Sous-composante Sport :
– Construction de 24 terrains de proximité ;
– Mise à niveau des stades : olympique, Arafat, Mellah et Ryadh ;
– Etude et mobilisation de financements pour la construction d’un complexe olympique de 25.000 places à Nouakchott ;
– Etude pour l’extension du stade olympique en vue d’augmenter la capacité d’accueil de 25.000 places ;
– Construction d’un hippodrome à Nouakchott.
Le programme de développement de Nouakchott II devrait être lancé en août 2026 et les travaux dureront 16 mois.
Le Ministre des Finances a présenté une communication relative au Document de la Programmation Budgétaire à Moyen Terme (DPBMT)2027-2029.
Le Document de Programmation Budgétaire à Moyen Terme (DPBMT) 2027-2029 constitue le cadre de référence de la programmation pluriannuelle des finances publiques.
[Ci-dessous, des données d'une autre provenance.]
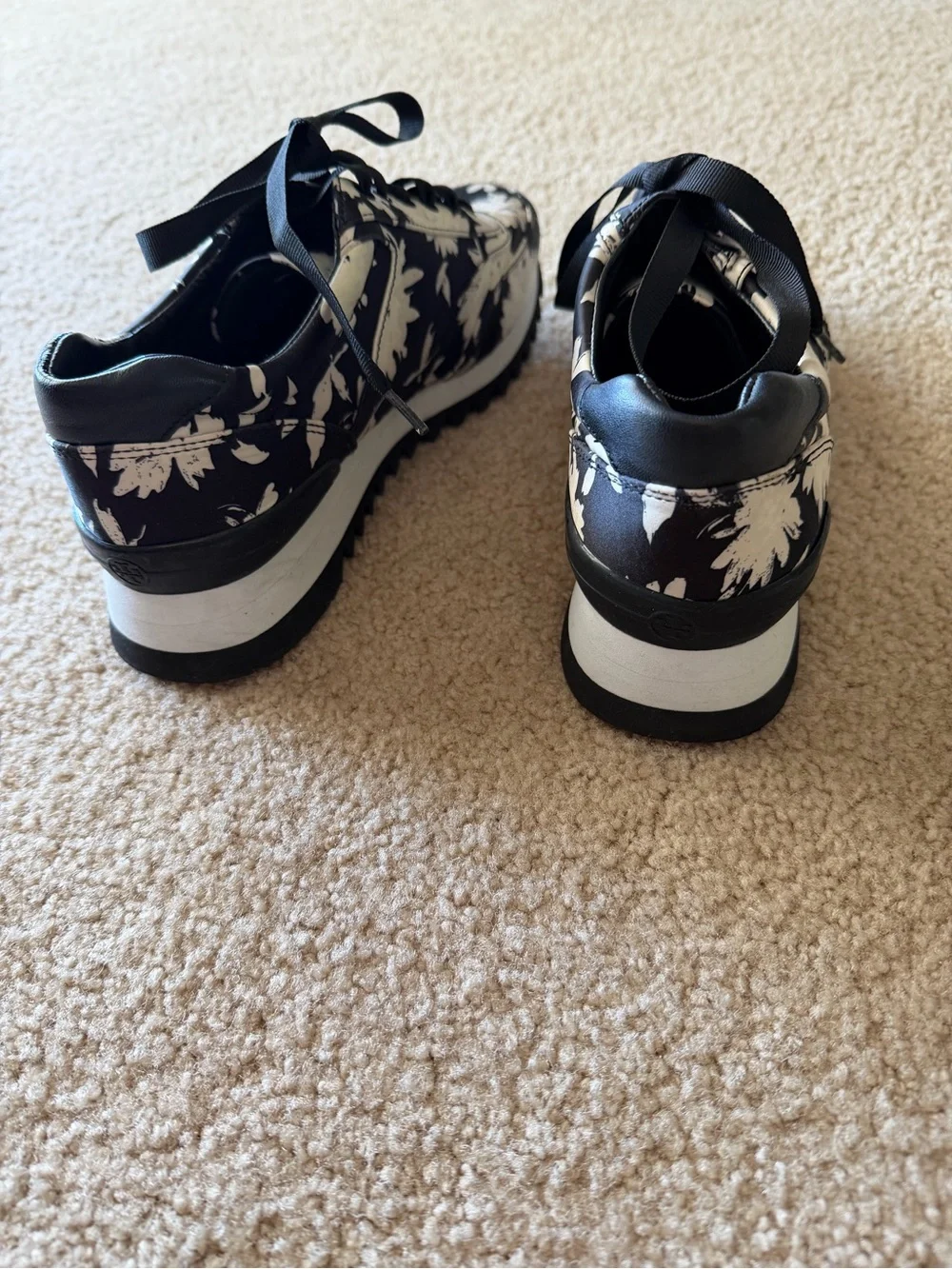 Tory Burch Black and White Floral Lace-Up Sneakers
Élaboré conformément à la Loi Organique relative aux Lois de Finances (LOLF) n°2026-019 du 1er juin 2026 et à son décret d’application n°2026-090 du 3 juin 2026, il met en œuvre la nouvelle règle budgétaire fondée sur le solde primaire non extractif, désormais retenu comme principal ancrage de la politique budgétaire afin de préserver la soutenabilité des finances publiques et de limiter la dépendance aux recettes issues des ressources extractives.
Ce document traduit l’engagement du Gouvernement à mettre en œuvre la politique générale inspirée du programme du Président de la République, Son Excellence Monsieur Mohamed Ould Cheikh El Ghazouani, « Mon Ambition pour la Patrie », en cohérence avec les orientations de la Stratégie de Croissance Accélérée et de Prospérité Partagée (SCAPP 2016-2030).
Les perspectives macroéconomiques reposent sur une croissance réelle du PIB de 5,5 % en 2026, 5,0 % en 2027, 4,2 % en 2028 et 3,6 % en 2029, tandis que l’inflation demeurerait maîtrisée autour de 3,5 % sur l’ensemble de la période.
Les recettes totales et dons progresseraient de 139,42 milliards MRU en 2026 à 179,29 milliards MRU en 2029, sous l’effet du renforcement continu de la mobilisation des recettes fiscales, dont le montant passerait de 93,72 milliards MRU à 127,22 milliards MRU. Les recettes extractives atteindraient 39,99 milliards MRU en 2029, tandis que les dons poursuivraient leur diminution progressive, traduisant le renforcement de l’autonomie financière de l’État.
Les dépenses totales et prêts nets évolueraient de 140,18 milliards MRU en 2026 à 168,94 milliards MRU en 2029. Cette progression résulterait principalement de l’accroissement des dépenses d’investissement, qui passeraient de 57,98 milliards MRU en 2026 à 83,55 milliards MRU en 2029, alors que les dépenses courantes demeureraient globalement maîtrisées, s’établissant à 85,39 milliards MRU en 2029.
Le DPBMT 2027-2029 traduit ainsi la volonté du Gouvernement de concilier discipline budgétaire, soutenabilité des finances publiques, stabilité macroéconomique et accélération du développement économique et social.